2015-09-29

Ky. officials agreed to confidential deal

FRANKFORT (AP) — A published report says state officials agreed to keep details of a proposed oil spill deal secret, but a judge rejected the idea.

The Courier-Journal reports the proposed settlement came in the Kentucky Energy and Environment Cabinet’s case against Childers Oil Co. The eastern Kentucky business had been cited multiple times for contaminating a section of the Kentucky River when diesel fuel leaked on its property in Whitesburg.

The proposed agreement sought to have Childers pay the state $48,057 and included a confidentiality clause in which the cabinet would seal the settlement, keeping terms secret.

The proposal came before Franklin Circuit Judge Thomas Wingate on Sept. 18. He rejected it, citing a missing signature on the proposed agreement.
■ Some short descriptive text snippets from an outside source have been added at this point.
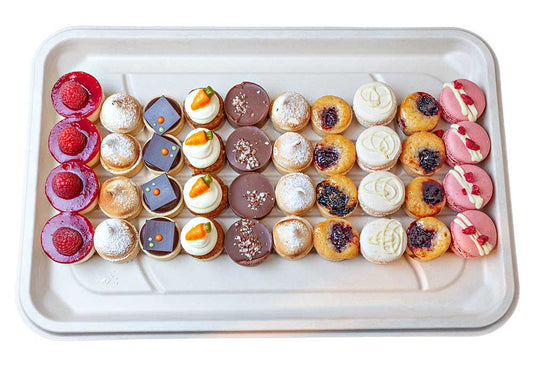 Platter of 40 Handmade Sweet Canapés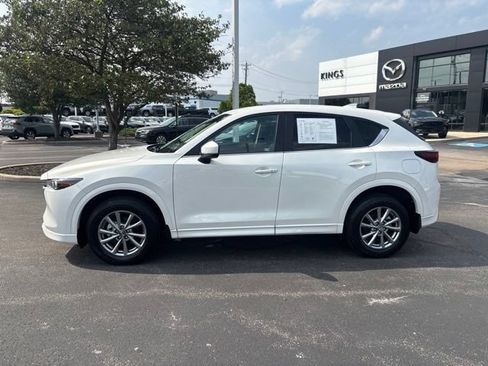 Certified 2025 MAZDA CX-5 AWD 2.5 S w/ Select Package image 3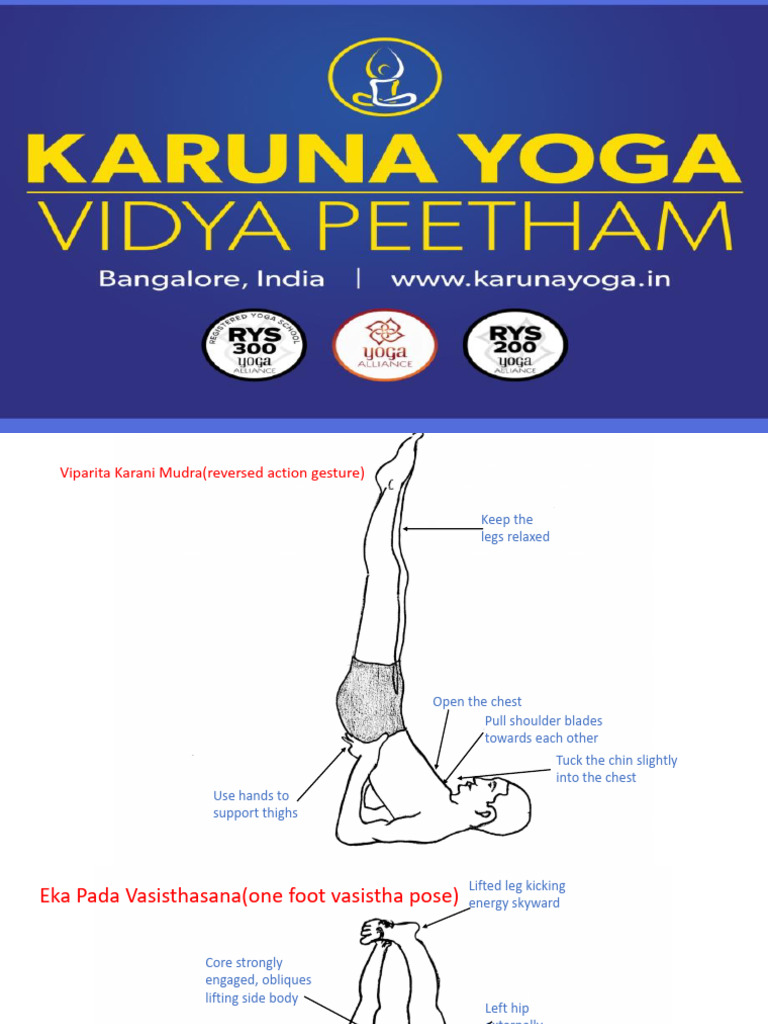 Asana Alignment Techniques for Eka Pada | PDF | Foot | Abdomen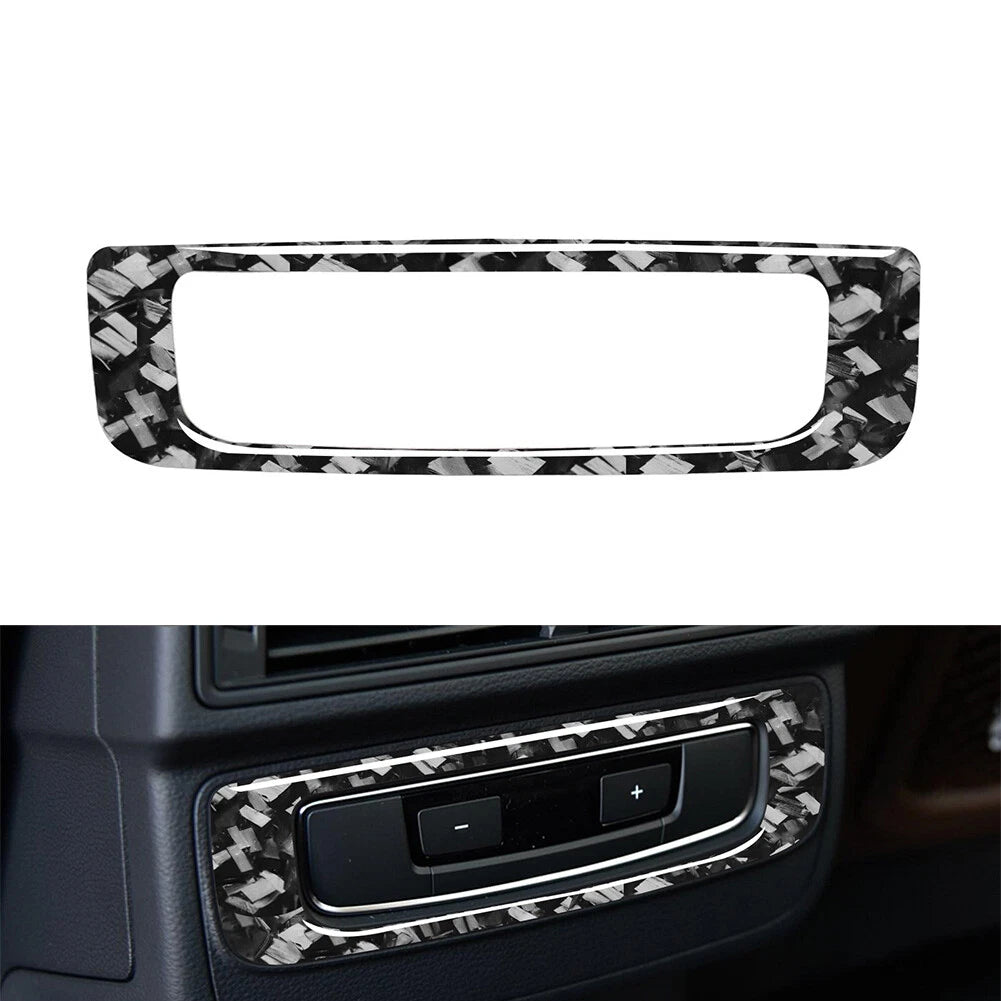 Rear AC Climate Switch Control Panel Cover Trim for Audi Q7 SQ7 (2016–2019)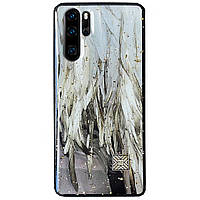 Чохол Epoxy Case для Huawei P30 Pro Angels Feather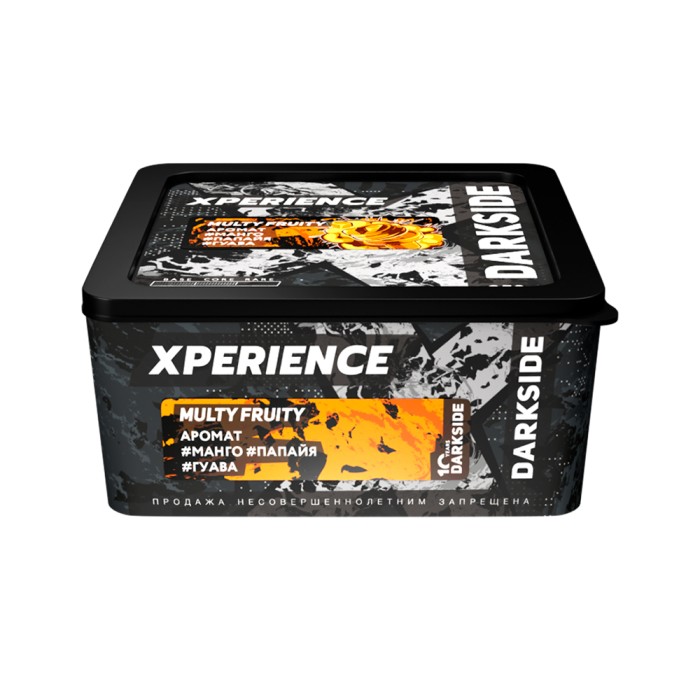 Darkside Xperience Multy Fruity (Манго Папайя Гуава)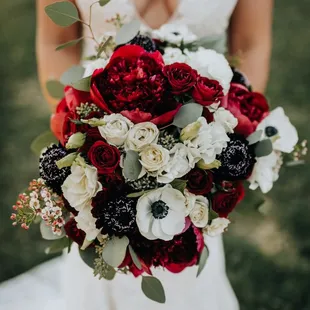 November wedding Bridal Bouquet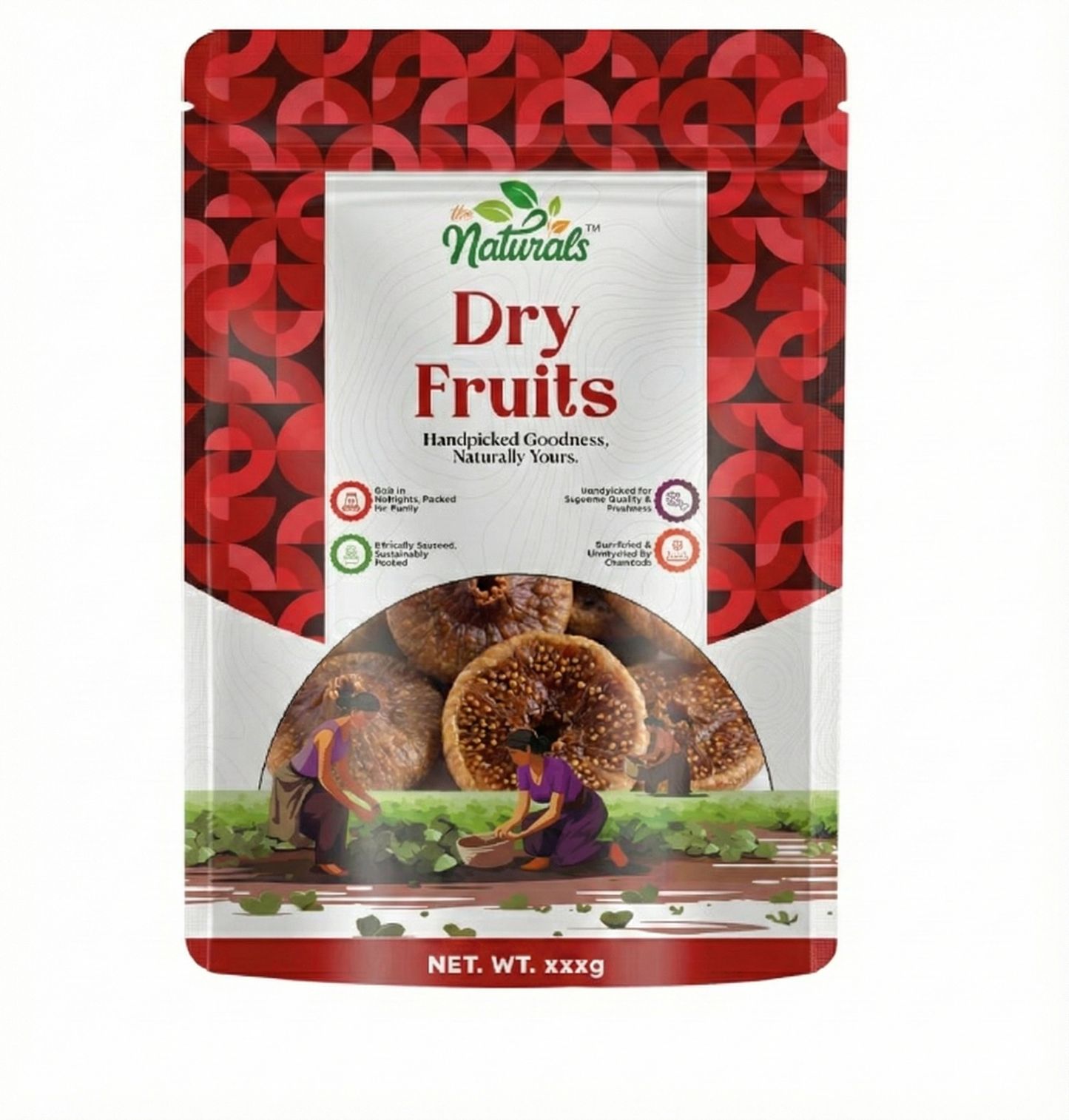 Naturals Afgani Anjeer - Premium Quality Dry Fruits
In the same order, he also rejected the request for confidentiality.

Jon Fleischaker, an attorney for The Courier-Journal, said the confidentiality agreement would have violated the state’s Open Records Act.

“I think Judge Wingate did exactly the right thing. Such an agreement with a confidentiality clause is unenforceable because under the Open Records Law, a contract — which is what a settlement agreement is — is a public document and they cannot mutually agree to make it a non-public document,” Fleischaker said.

The cabinet’s general counsel, Mike Haines, said the agency has a right to keep terms secret in such cases.

“But I would agree that it’s rare,” Haines said.

He said the state agreed to the clause because it was the only way Childers Oil would agree to pay the entire amount of the state’s cost to respond to the spill plus a penalty.

“We did it to resolve the case,” he said.

Susan Maines, the attorney for Childers Oil, didn’t respond to the newspaper’s attempts to seek comment.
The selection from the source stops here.